You can also refer to ./sam/sam_AbdomenAtlas.py and ./sam/sam_dist_test.sh in our repository, which show our modifications to the configs/sam/sam_NIHLN.py file and the dist_tesh.sh file from [SamV2] repository. You can use these script examples to process your own dataset.
- Distributed Multi-GPU Pre-Training.
Change main settings in main-DDP.py:
--data_dir = ".../../PreTrain/Dataset_FLARE2022/" ## The directory where the raw data are stored.
--json_list = "pretrainset_all.json" ## The directory where the json_file generated by create_json.py are stored.
--output_dir = "./results/" ## Path to save logs and checkpoints.
--embed_dir = "SAM Embedding" ## The directory where the embeddings generated by [SamV2] repository are stored.
--checkpoint_file = "SAM pretrain checkpoint" ## The directory where the checkpoints of a pre-trained SAM [1] model are stored. you can find the checkpoint in [SamV2] repository. Here we also provide it in our repository: ./checkpoints_SAM/SAM.pth
The following command is used to pre-train Alice on 8 X 80G A100 GPUs:
python3 -m torch.distributed.launch --nproc_per_node=8 main-DDP.py
--batch_size=8 --lr=5e-5
- Finetuning.
After pretraining with Alice, you can utilize the script extract_backbone_weights.py to extract the weights from either the 'student' or 'teacher' branch for your downstream tasks.
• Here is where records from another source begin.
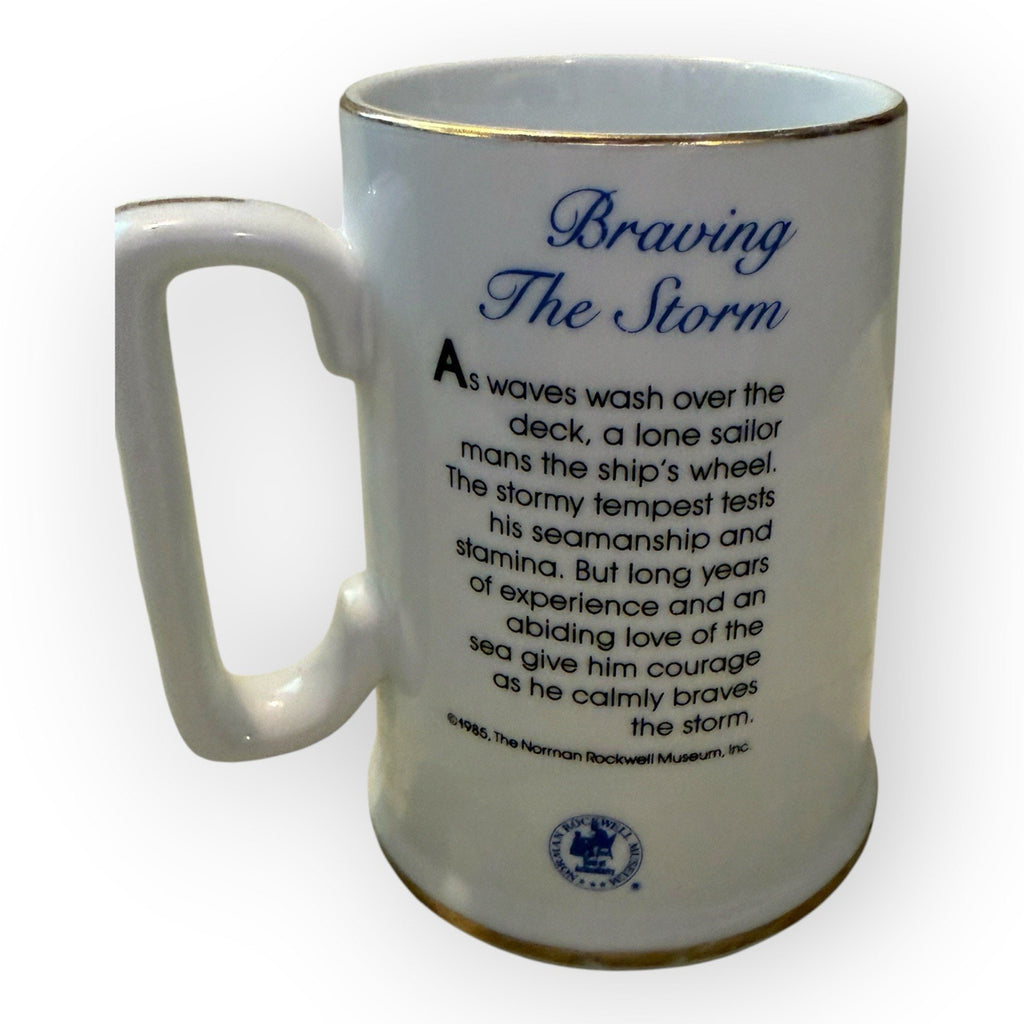 VTG 1985 Norman Rockwell Braving the Storm Coffee Mug Cup Gold Trim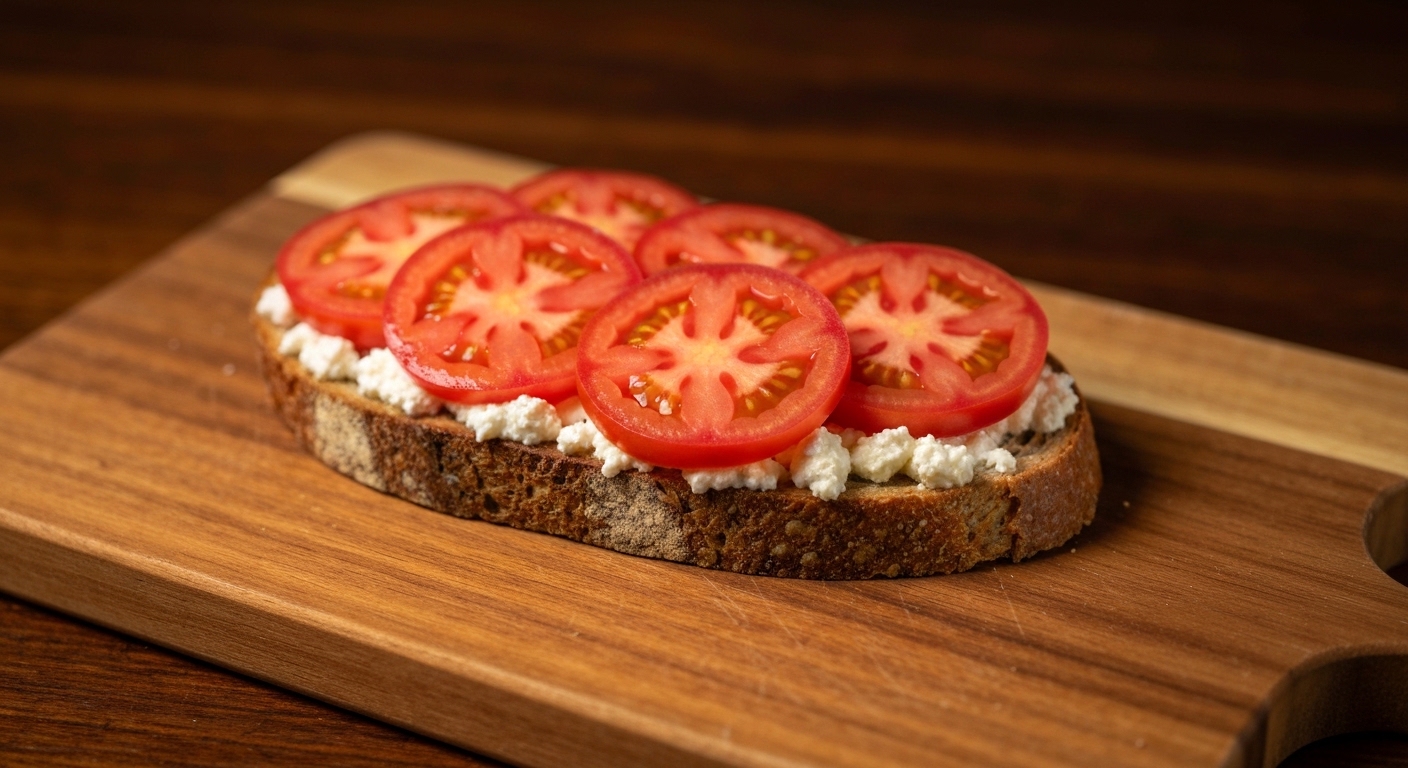A beautifully styled wooden cutting board featuring a thick slice of sourdough toast topped with vibrant red heirloom tomato slices, creamy white burrata cheese, fresh green basil leaves, and a drizzle of golden olive oil. The scene is bright and naturally lit, suggesting freshness.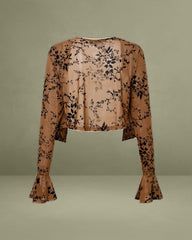 Brown Floral Two-piece Midi Dress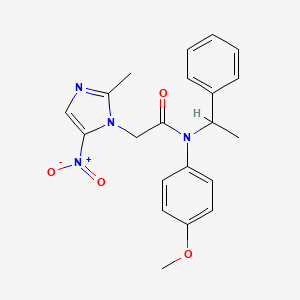 molecular formula C21H22N4O4 B4300419 N-(4-methoxyphenyl)-2-(2-methyl-5-nitro-1H-imidazol-1-yl)-N-(1-phenylethyl)acetamide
example: python extract_backbone_weights.py /mnt/workspace/jiangyankai/Alice_code/results/final-ddp/checkpoint0030.pth /mnt/workspace/jiangyankai/pretrained_weights/checkpoint.pth
Note that the objectives of self-supervised training may differ significantly from those of your downstream tasks. Therefore, you may need to fine-tune your model on your specific downstream dataset.
We have recently applied Alice's pre-training techniques to the dataset from the paper 'AbdomenAtlas-8K: Annotating 8,000 CT Volumes for Multi-Organ Segmentation in Three Weeks' (Qu et al. published in NeurIPS 2023). You will find our pre-trained parameters in the './results' directory.
If you find this repository useful, please consider citing Alice paper:
@inproceedings{jiang2023anatomical,
title={Anatomical Invariance Modeling and Semantic Alignment for Self-supervised Learning in 3D Medical Image Analysis},
author={Jiang, Yankai and Sun, Mingze and Guo, Heng and Bai, Xiaoyu and Yan, Ke and Lu, Le and Xu, Minfeng},
booktitle={Proceedings of the IEEE/CVF International Conference on Computer Vision},
pages={15859--15869},
year={2023}
}
This code is based on the implementations of MAE, SimMIM, SamV2, SwinTransformer, iBOT, and DINO. We deeply appreciate all these exceptional and inspiring works!
[1]: Yan K, Cai J, Jin D, et al. SAM: Self-supervised learning of pixel-wise anatomical embeddings in radiological images[J]. IEEE Transactions on Medical Imaging, 2022, 41(10): 2658-2669.